The Iron Lady

Thatcher (“MT” to Denis) was, in her day, the least popular Prime Minister ever. Phyllida Lloyd’s THE IRON LADY is strangely silent on this. We do see MT in her pomp, serenely indifferent to the crowds outside the ministerial Jag, screaming in rage and disgust and spite—but nothing on why she was so hated and loathed and detested. Seems an oversight.
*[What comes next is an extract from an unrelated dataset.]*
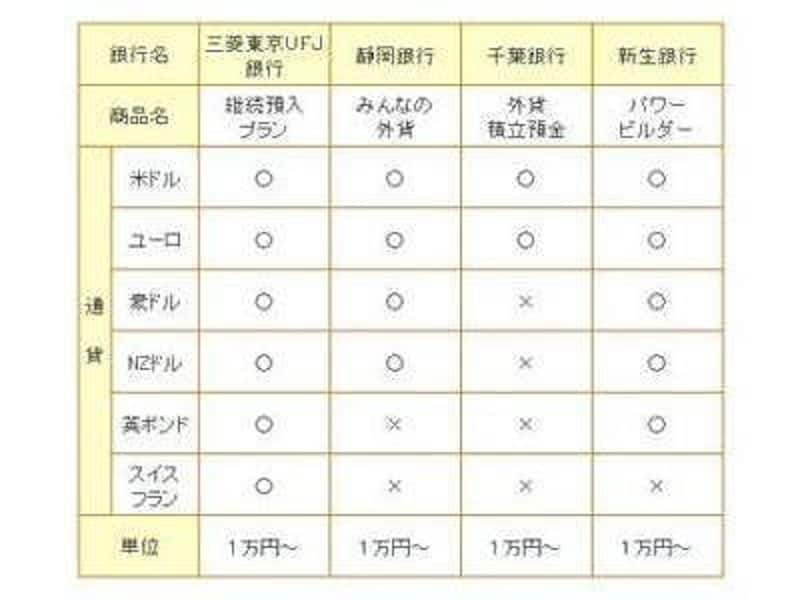 外貨預金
Perhaps the detachment of those scenes prefigure, in retrospect, MT’s isolation as an elderly woman determined to ignore, then banish the Scotch-fuelled hallucinations of rampant dementia. The dead hand of the Vienna quack lies heavy on almost every scene of Abi Morgan’s screenplay, full of psychoanalytic not-quite-explanations of this extraordinary character. Did the Number 10 staff really give her a “Roberts” radio as a parting gift? It’s a gift to the symbol-minded film-maker, neatly tying up all those flashback vignettes of young MT (a winning Alexandra Roach) gazing adoringly up at the Honest Grocer of Grantham. It’s all his fault. His. Him. He. If it’s not Dad, it’s hubby (Jim Broadbent—mostly imaginary and often sinister; Harry Lloyd—young, real, funny) or the unseen son Mark, or her all male Cabinet, deliciously cast with faded smoothies (Tony Head, Richard E. Grant, et al). That could bear more examination.

Technically flawless performance, Actor’s Acting for Actors, in (when you right get down to it) a slightly dull and worthy award-bait movie about “issues”.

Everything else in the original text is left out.